● Work request
Every record gets copied exactly, and no picture goes with it.

● Provided data
--- START ---
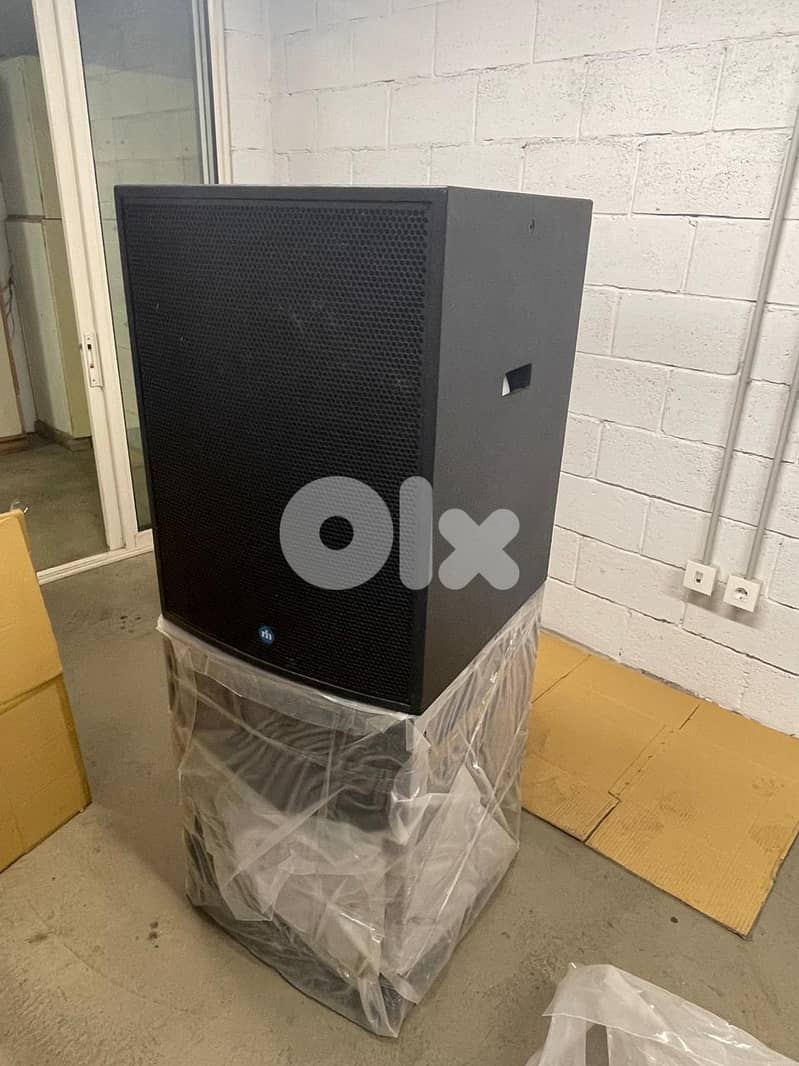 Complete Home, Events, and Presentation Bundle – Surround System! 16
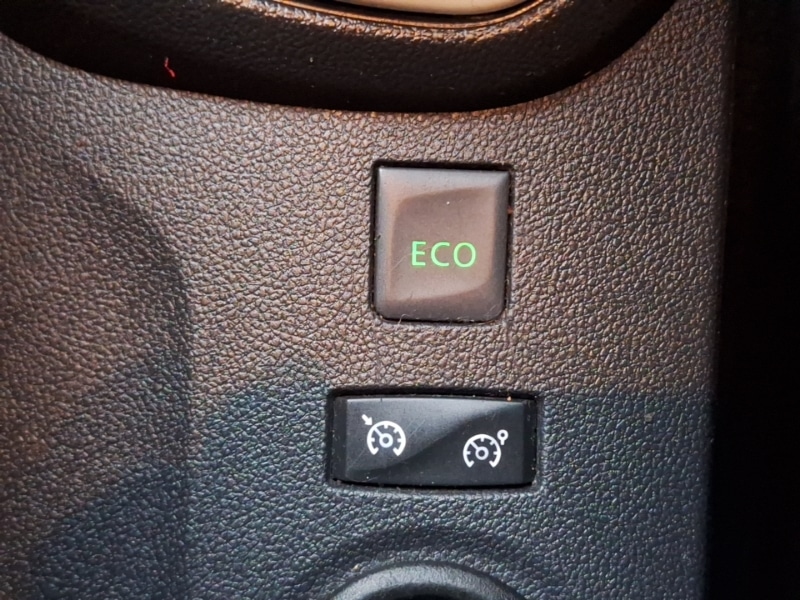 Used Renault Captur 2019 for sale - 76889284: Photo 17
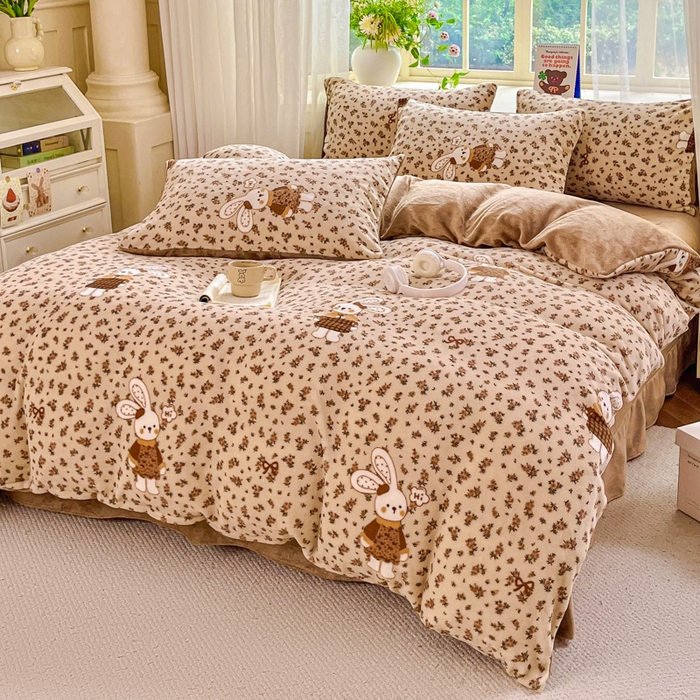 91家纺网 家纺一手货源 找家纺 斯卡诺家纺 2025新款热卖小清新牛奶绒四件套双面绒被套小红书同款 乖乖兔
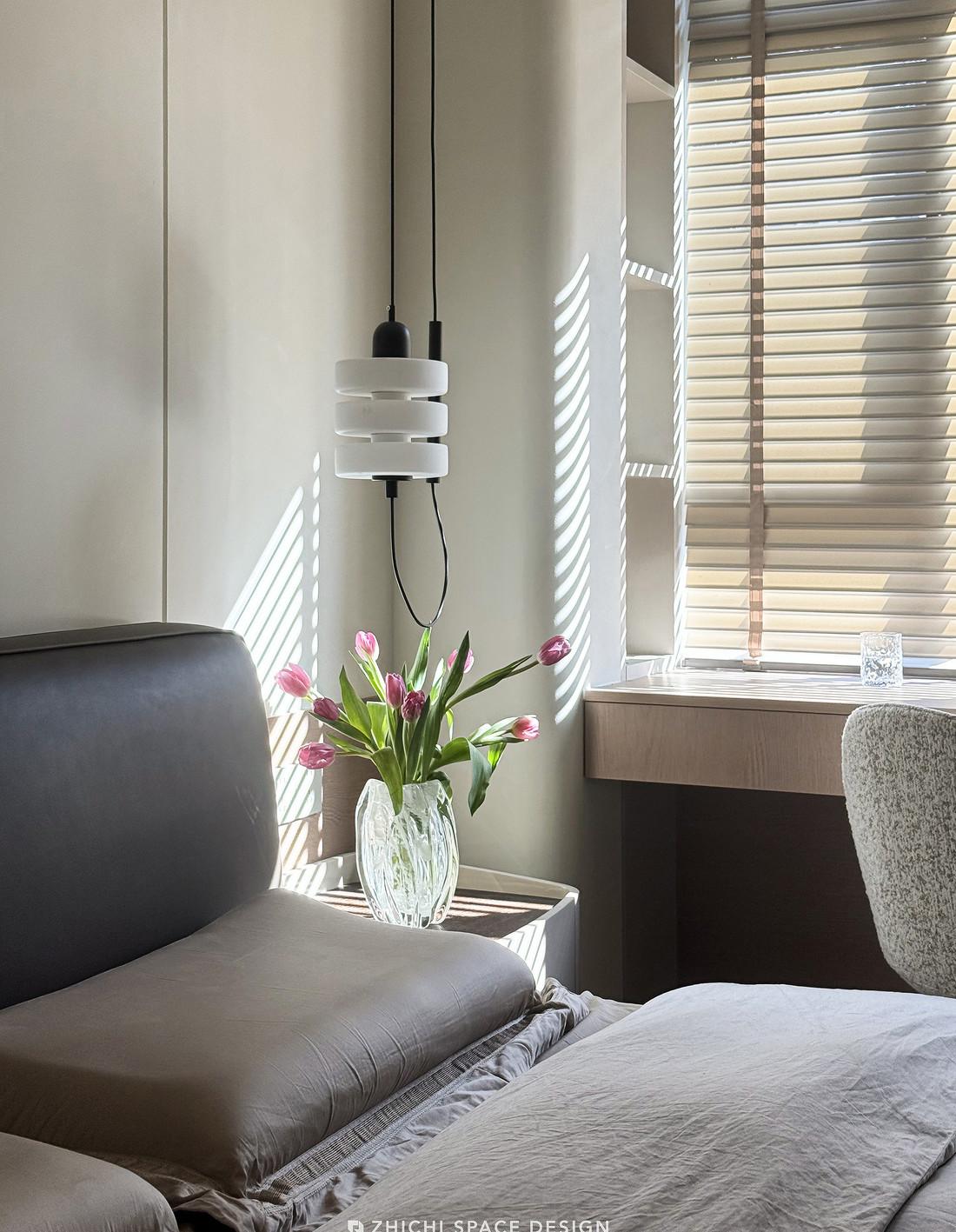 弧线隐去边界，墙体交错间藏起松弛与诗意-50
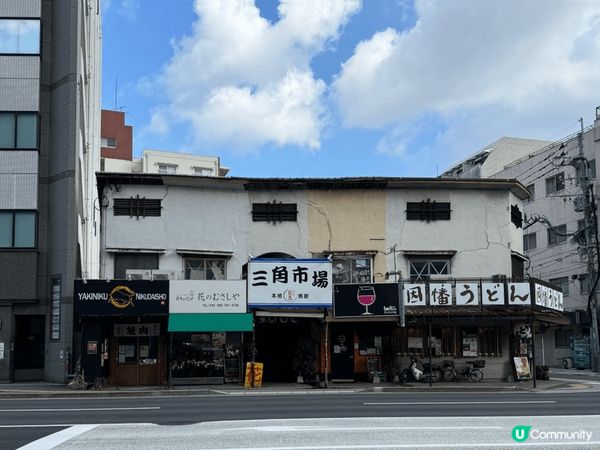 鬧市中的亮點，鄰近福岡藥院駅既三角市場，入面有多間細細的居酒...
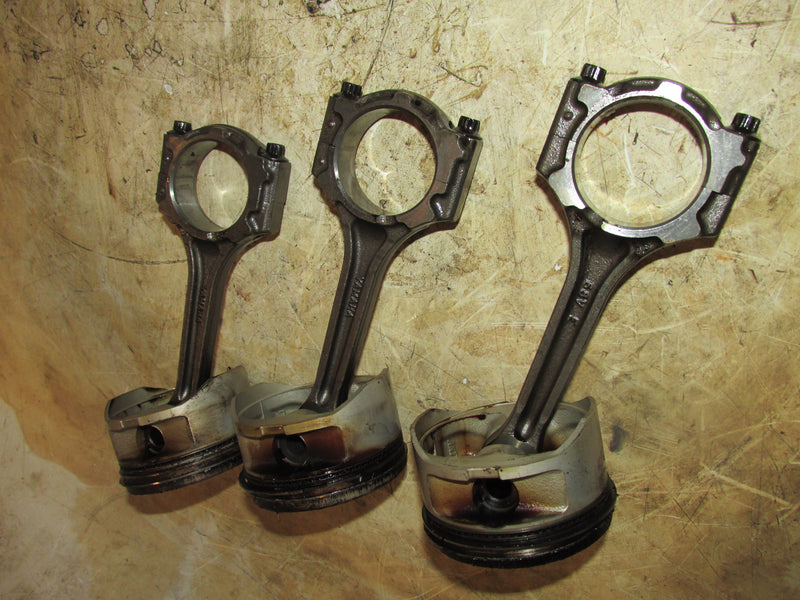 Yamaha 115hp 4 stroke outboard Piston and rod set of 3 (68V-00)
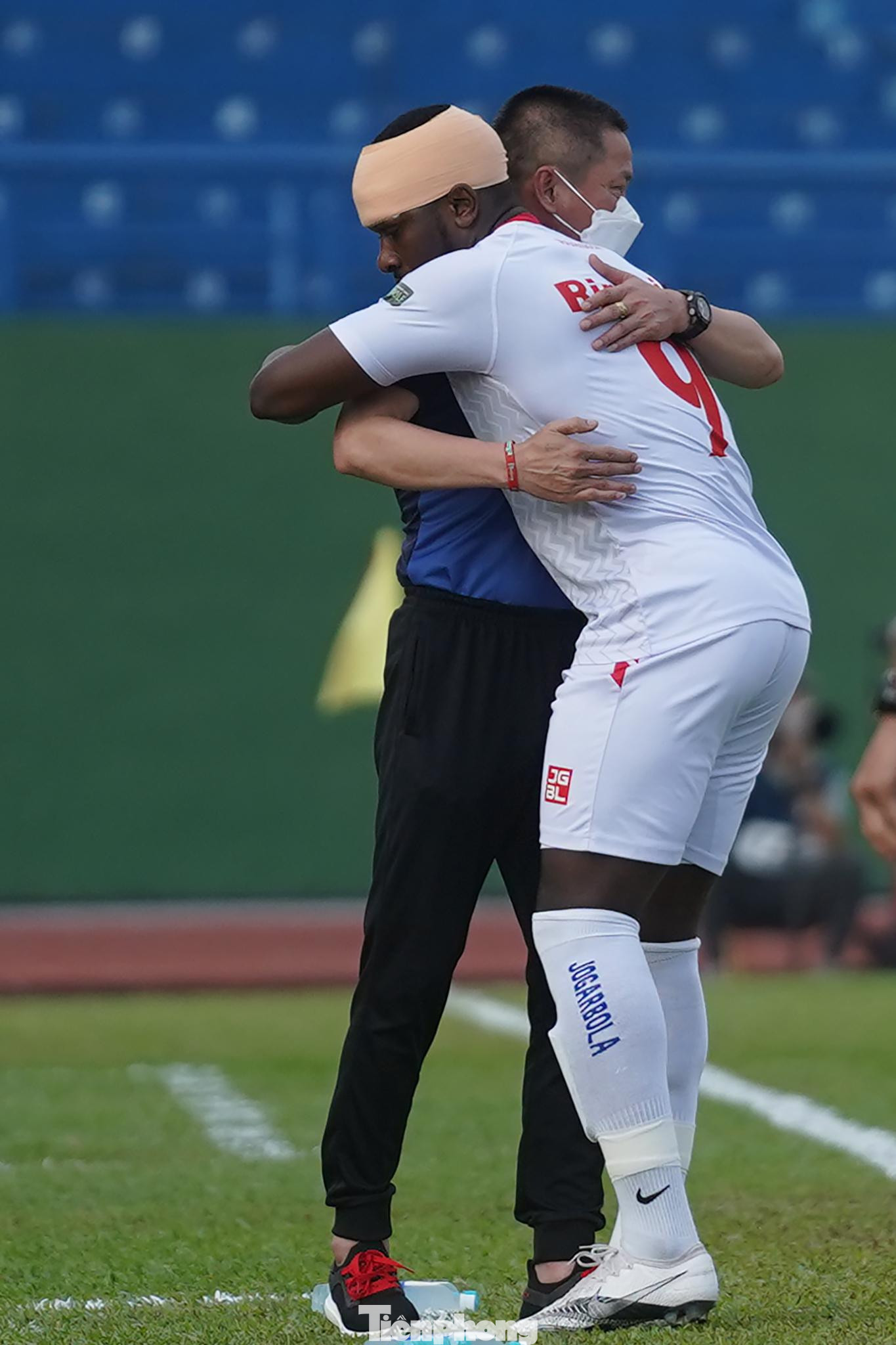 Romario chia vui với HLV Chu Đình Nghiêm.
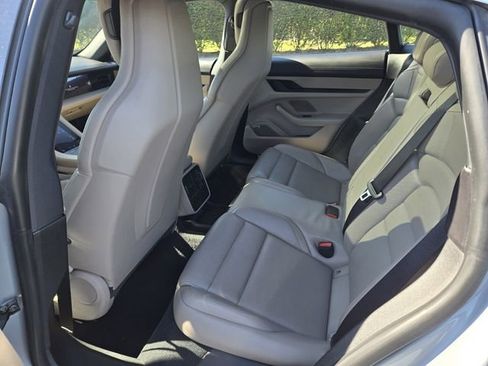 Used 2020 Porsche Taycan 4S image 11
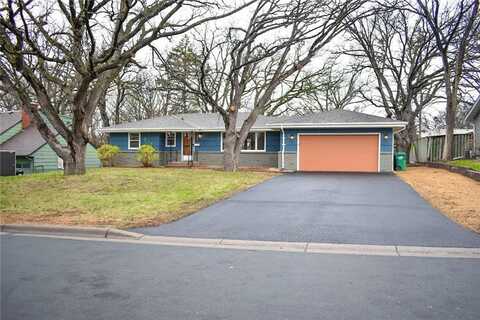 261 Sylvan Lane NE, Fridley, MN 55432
--- END ---
● Problem solution
 Complete Home, Events, and Presentation Bundle – Surround System! 16
 Used Renault Captur 2019 for sale - 76889284: Photo 17
 91家纺网 家纺一手货源 找家纺 斯卡诺家纺 2025新款热卖小清新牛奶绒四件套双面绒被套小红书同款 乖乖兔
 弧线隐去边界，墙体交错间藏起松弛与诗意-50
 鬧市中的亮點，鄰近福岡藥院駅既三角市場，入面有多間細細的居酒...
 Yamaha 115hp 4 stroke outboard Piston and rod set of 3 (68V-00)
 Romario chia vui với HLV Chu Đình Nghiêm.
 Used 2020 Porsche Taycan 4S image 11
 261 Sylvan Lane NE, Fridley, MN 55432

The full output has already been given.